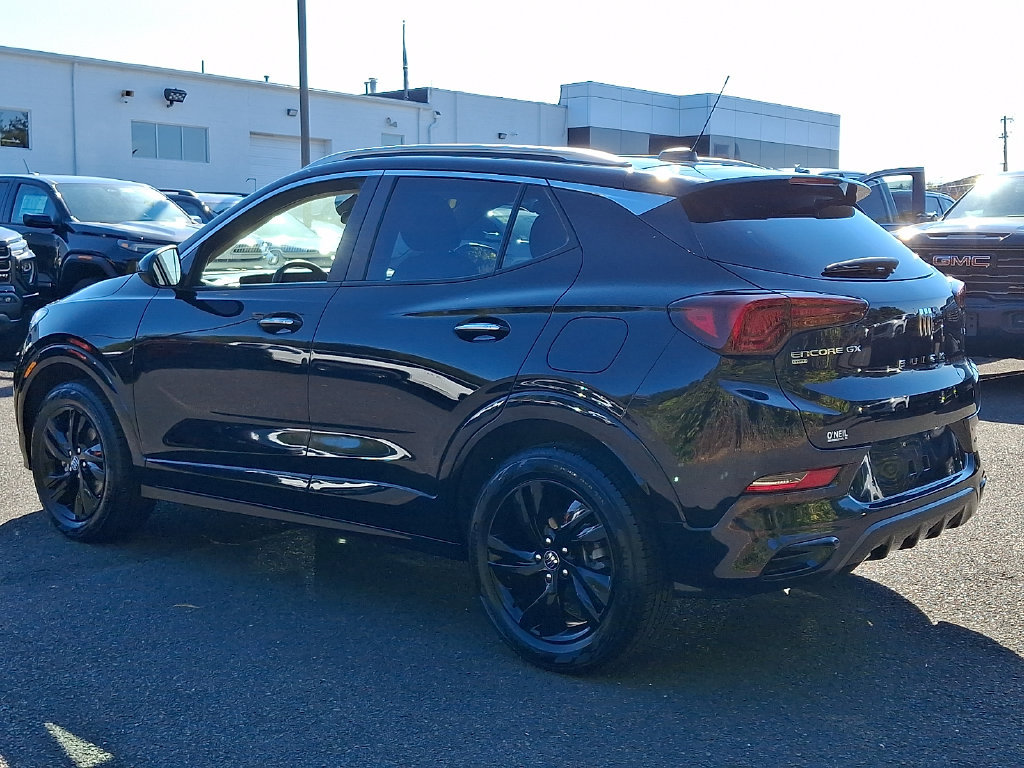 Certified 2024 Buick Encore GX Sport Touring w/ Comfort Package AWD/4WD image 4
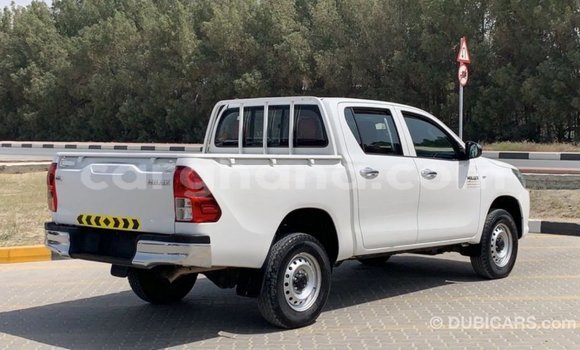 Ra Imported Toyota Hilux funfun Ọkọ̀ in Import - Dubai ni Ashanti Ra Imported Toyota Hilux funfun Ọkọ̀ in Import - Dubai ni Ashanti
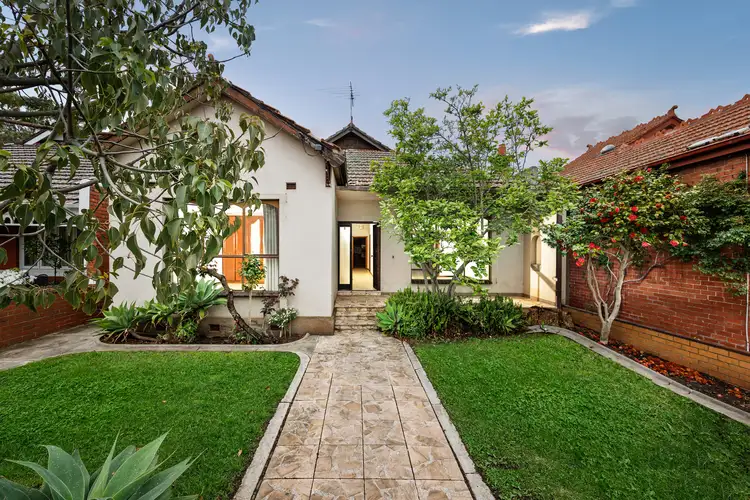144 Garton Street, Carlton North VIC 3054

--*--

Lines from the one containing "ni Ashanti Ra" through the end of the material above must be reproduced exactly; pictures must not be.

 Ra Imported Toyota Hilux funfun Ọkọ̀ in Import - Dubai ni Ashanti Ra Imported Toyota Hilux funfun Ọkọ̀ in Import - Dubai ni Ashanti
144 Garton Street, Carlton North VIC 3054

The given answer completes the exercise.